*Work task*: What is needed is an exact copy of the lines in the entries below from the one holding "Farm Sold - QLD" through the one holding "Gourmet redcurrant icecream", pictures excluded.

*Source material*:
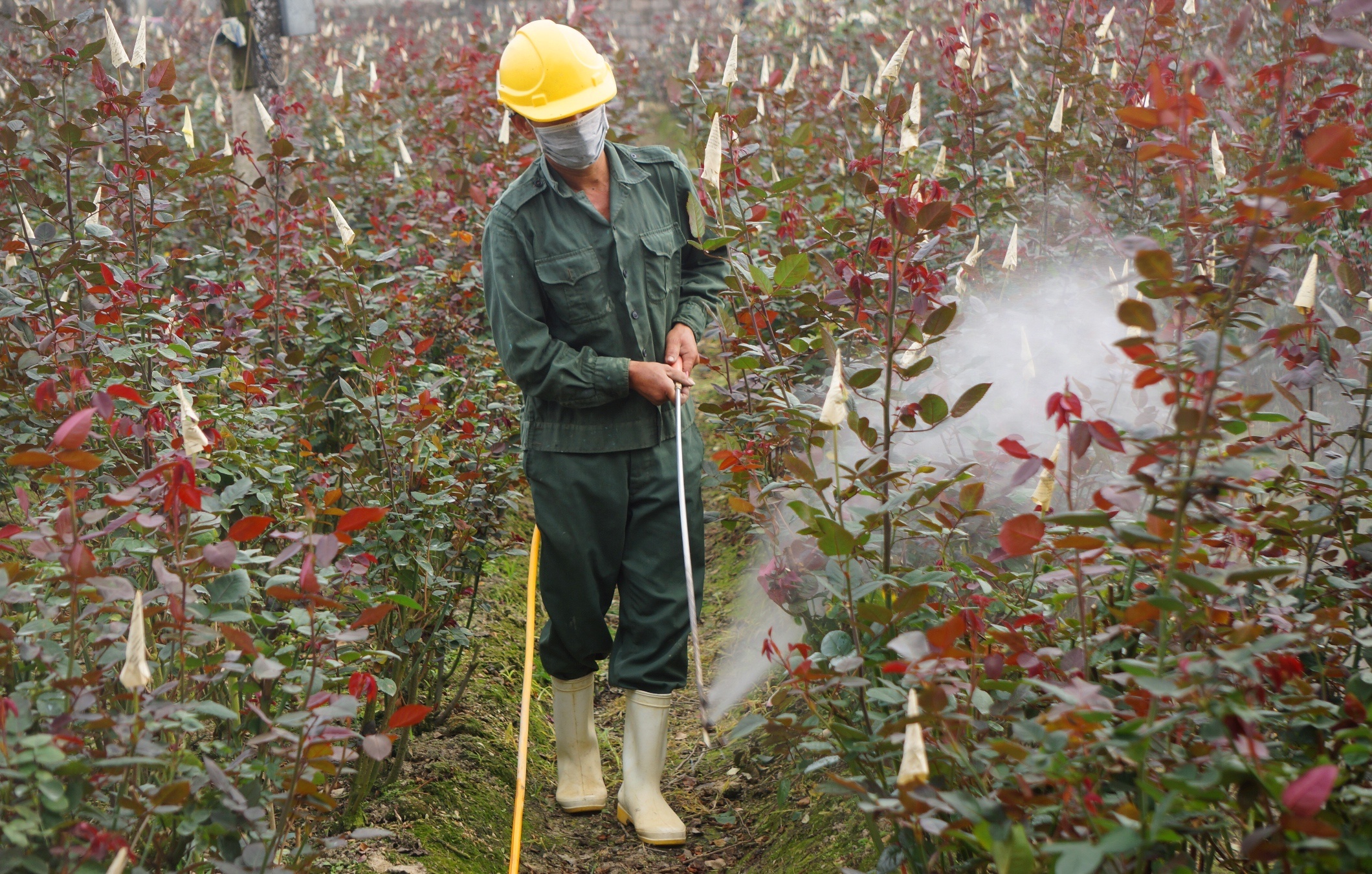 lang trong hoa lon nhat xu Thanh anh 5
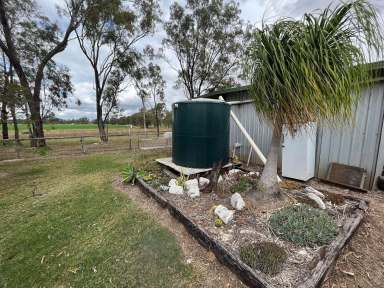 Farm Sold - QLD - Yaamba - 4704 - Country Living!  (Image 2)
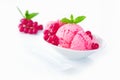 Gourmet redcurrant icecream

---

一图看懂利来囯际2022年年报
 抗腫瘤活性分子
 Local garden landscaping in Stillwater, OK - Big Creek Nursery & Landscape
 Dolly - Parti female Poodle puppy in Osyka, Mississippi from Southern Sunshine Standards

*Exercise solution*:
 Farm Sold - QLD - Yaamba - 4704 - Country Living!  (Image 2)
 Gourmet redcurrant icecream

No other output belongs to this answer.